Work task - Below is a listing; write it out exactly and drop any images from it.
Data below START
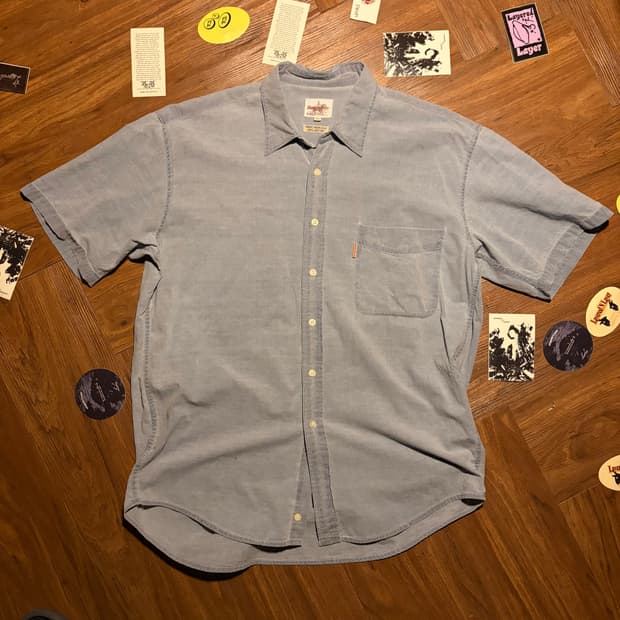 90s Budweiser chambray work half shirt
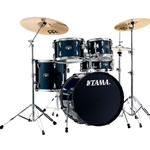 Tama Imperial Star 5PC Complete Drum Set With Meinl Cymbals Dark Blue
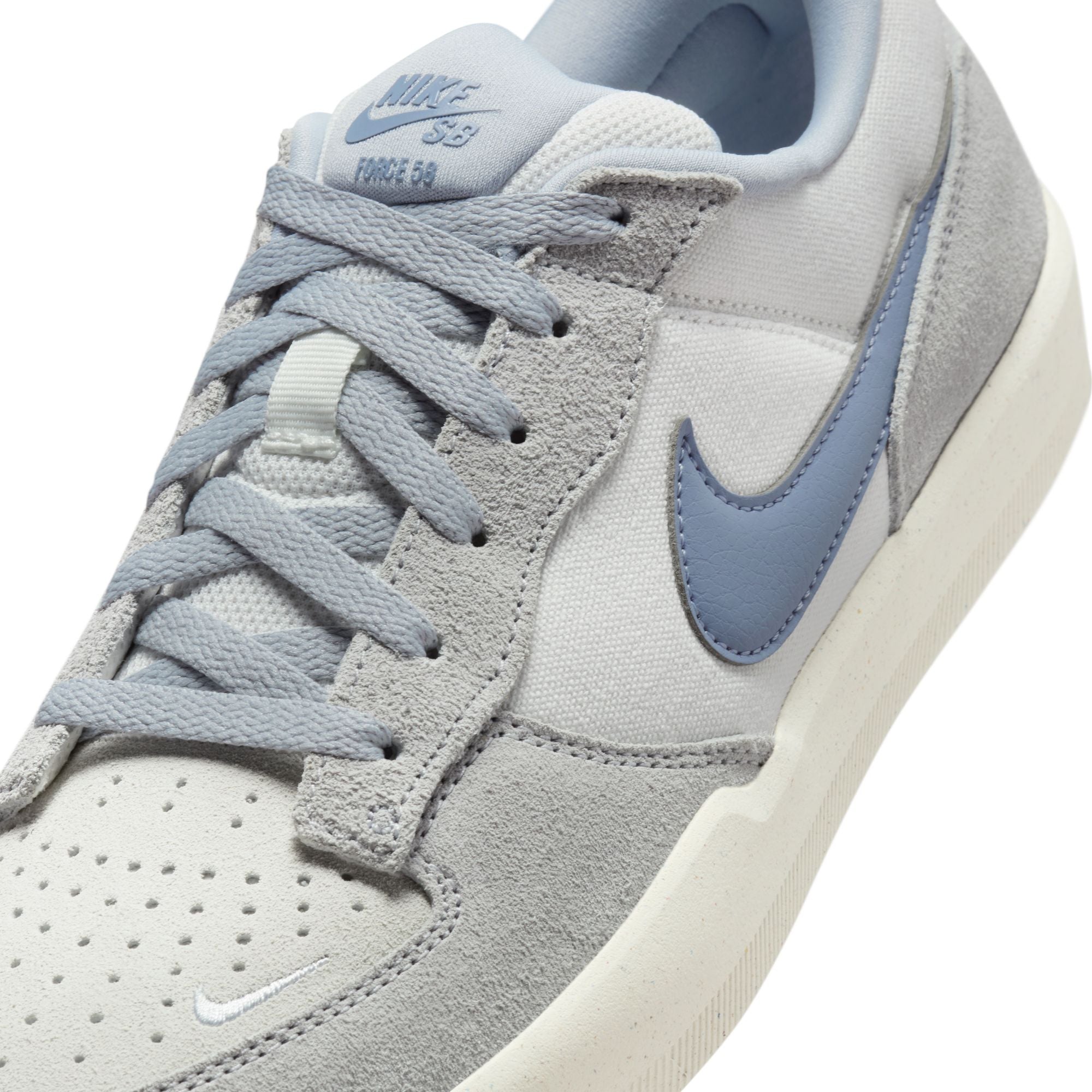 Sail White Force 58 Nike SB Skate Shoe Detail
Data below END
Output for this task -
 90s Budweiser chambray work half shirt
 Tama Imperial Star 5PC Complete Drum Set With Meinl Cymbals Dark Blue
 Sail White Force 58 Nike SB Skate Shoe Detail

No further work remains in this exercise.